On November 16, 2015, the United States Department of Education issued a “Dear Colleague Letter” in an effort to clarify for states and local educational agencies their obligations under the Individual with Disabilities Education Act (IDEA). In summary, the Letter reminds school districts of the intention under which the Act was created, namely to ensure that every student with a disability receives meaningful access to an education on par with the state’s academic standards for all children. In other words, a student’s individualized education plan must be aligned with the statewide and districtwide “academic content standards” for the grade in which he or she is enrolled. This means that the IEP goals for students with disabilities should aim for progress within the same curriculum as that of non-disabled children.

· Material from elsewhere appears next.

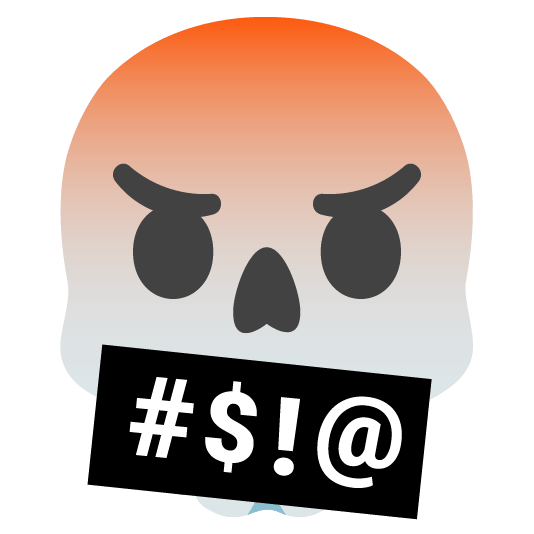 face with symbols on mouth skull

The Letter noted that, as a rule of thumb, an IEP that focuses on ensuring that a child is involved in the general education curriculum will be aligned with the state’s standards. Nevertheless, schools must not lose sight of individualized decision-making in the IEP process. The Letter stressed that a child’s specific disability must always be “an essential consideration” in drafting annual goals. What needs to be determined is how the student will achieve success in higher education, careers, and independent living though services, supplementary aides, modifications, and other supports specific to that child’s disability. The Letter reminds districts that progress must be evaluated, and among the factors to consider are prior rates of growth and progress towards grade-level proficiency.
The Letter notes that a limited exception exists for students with significant cognitive disabilities; IEPs for these students may be measured against “alternative academic achievement standards.” For those students whose present levels of achievement fall significantly below the grade in which they are enrolled, goals should be “ambitions but achievable” in an effort to close the gap.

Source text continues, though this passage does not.